Benlik saygısı ve öz şefkat değişkenlerinin farklı araştırma desenlerinde incelendiği yukarıdaki çalışmaların bulguları değerlendirildiğinde, egoyla ilgili sağlıklı psikolojik süreçler, olumlu-olumsuz duygu durum, mutluluk, iyimserlik, algılanan stres düzeyi ve genel sağlık durumuyla ilişkileri açısından benlik saygısı ve öz şefkatin benzerlik gösterdiği görülür. Fakat benlik saygısı kontrol edildiğinde, öz şefkatin bu ilişkilerdeki yordama etkisi anlamlılığını korumaktadır. Bu durum öz şefkati, benlik saygısından farklılaştırarak, benliğe yönelik sağlıklı bir tutum için alternatif bir çözüm olduğunu doğrular niteliktedir. Ayrıca bu çalışmalarda ele alınmamış olan benlik saygısı ile öz şefkatin karşılaştırılabilir bir başka yönü, bu kavramların düzeylerinin ne derece değiştirilebildiğidir. Swann’a (1996) göre, bireylerin benlik saygısını arttırmak kolay bir süreç değildir. Çünkü benlik saygısı değişime direnç göstermektedir (akt. Neff, 2003). Öte yandan öz şefkatin arttırılmasına yönelik müdahale programları klinik alandaki psikoterapi süreçlerinde kullanılmaktadır (Gilbert, 2009). Bu tür uygulamalar, bireylerin kendilerini eleştirdiklerinde ya da bir tehdit hissettiklerinde kendilerine yatıştırıcı şekilde ve şefkatle yaklaşabilme becerisinin geliştirilmesine dayanmaktadır. Bunun yanı sıra Germer ve Neff (2013) tarafından klinik örneklemin dışında da uygulanabilecek sekiz hafta süren Farkındalık Odaklı Öz Şefkat Eğitimi geliştirilmiştir. Eğitimin etkililiğini gösteren bulgular incelendiğinde, kontrol grubuna kıyasla, eğitimi alan katılımcıların öz şefkat, farkındalık ve yaşam memnuniyeti bildirimlerinde artışın; kaygı, depresyon belirtileri ve stres düzeylerinde ise azalmanın olduğu görülür (Germer ve Neff,2013). Bu noktadan hareketle, öz şefkat düzeyinin geliştirilebilir bir beceri olduğu ileri sürülmektedir (Neff ve Seppala, 2016). Sonuç olarak öz şefkatin, benliğe yönelik sağlıklı bir tutum olarak benlik saygısına iyi bir alternatif olduğu söylenebilir.
Kaynaklar
Aberson, C. L., Healy, M. ve Romero, V. (2000). Ingroup bias and self-esteem: A meta-analysis. Personality and Social Psychology Review, 4(2), 157-173.

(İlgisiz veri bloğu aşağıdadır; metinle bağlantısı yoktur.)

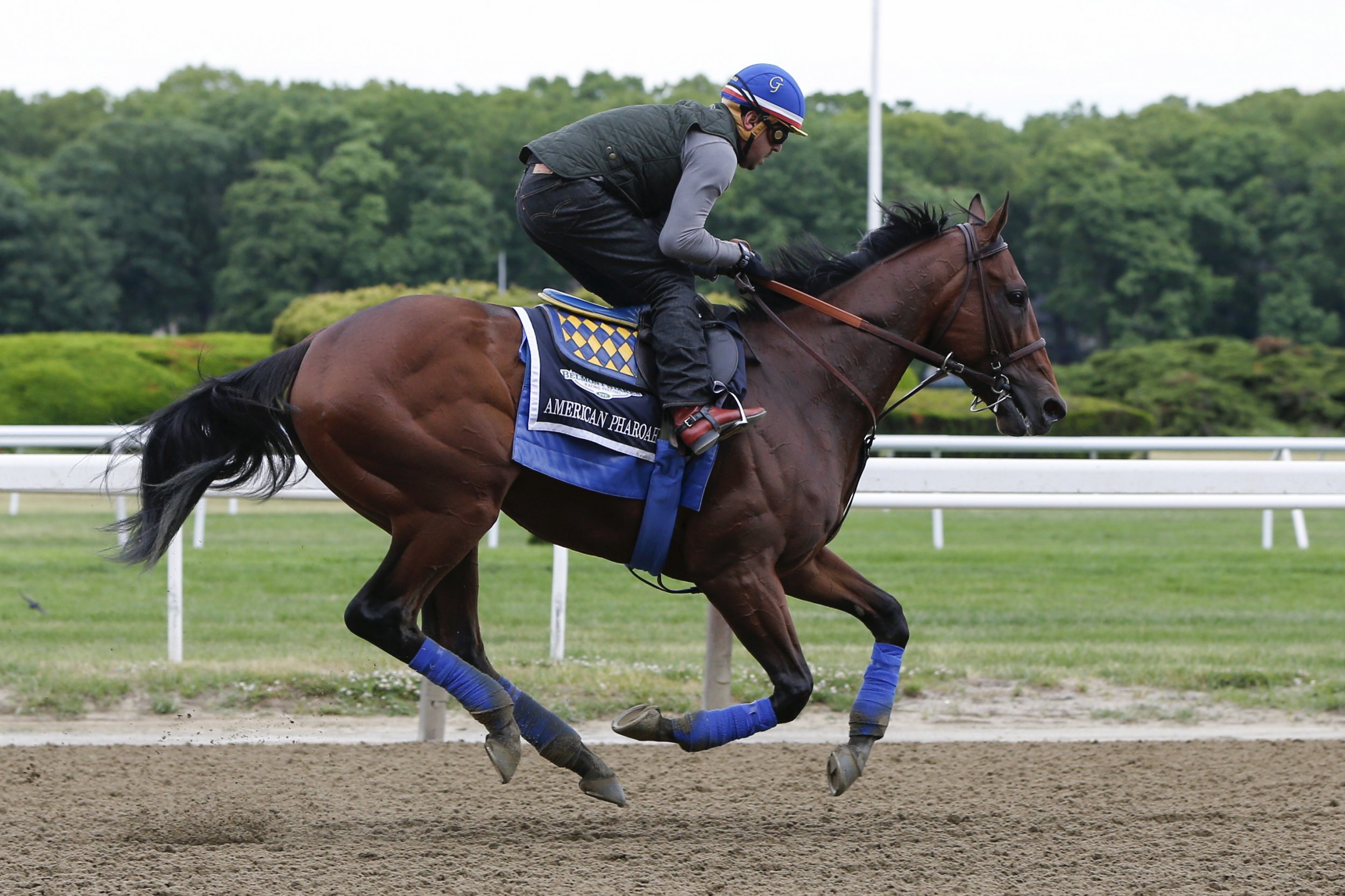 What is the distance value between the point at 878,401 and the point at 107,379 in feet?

Baumeister, R. F., Smart, L. ve Boden, J. M. (1996). Relation of threatened egotism to violence and aggression: The dark side of high self-esteem. Psychological Review, 103(1), 5.
Cameron, L. J. (2019). The Surprising impact of self-compassion [Resim].
Germer, C. K. ve Neff, K. D. (2013). Self‐compassion in clinical practice. Journal of Clinical Psychology, 69(8), 856-867.
Gilbert, P. (2009). Introducing compassion-focused therapy. Advances in Psychiatric Treatment, 15(3), 199-208.
Krieger, T., Hermann, H., Zimmermann, J. ve Grosse Holtforth, M. (2015). Associations of self-compassion and global self-esteem with positive and negative affect and stress reactivity in daily life: Findings from a smart phone study.
Personality and Individual Differences,
87, 288-292.
http://dx.doi.org/10.1016/j.paid.2015.08.009
Marshall, S. L., Parker, P. D., Ciarrochi, J., Sahdra, B., Jackson, C. J. ve Heaven, P. C. L. (2015). Self-compassion protects against the negative effects of low self-esteem: A longitudinal study in a large adolescent sample.
Personality and Individual Differences,
74, 116-121.
http://dx.doi.org/10.1016/j.paid.2014.09.013
Neff, K. D. (2003). Self-compassion: An alternative conceptualization of a healthy attitude toward oneself. Self and Identity, 2(2), 85-101. doi: 10.1080/15298860309032
Neff, K., D. ve Seppala, E. (2016). Compassion, Well-Being, and the Hypoegoic Self. K. W. Brown ve M. Leary (Ed.), Oxford Handbook of Hypo-egoic Phenomena: Theory and Research on the Quiet Ego içinde (s. 189-205). Oxford University Press.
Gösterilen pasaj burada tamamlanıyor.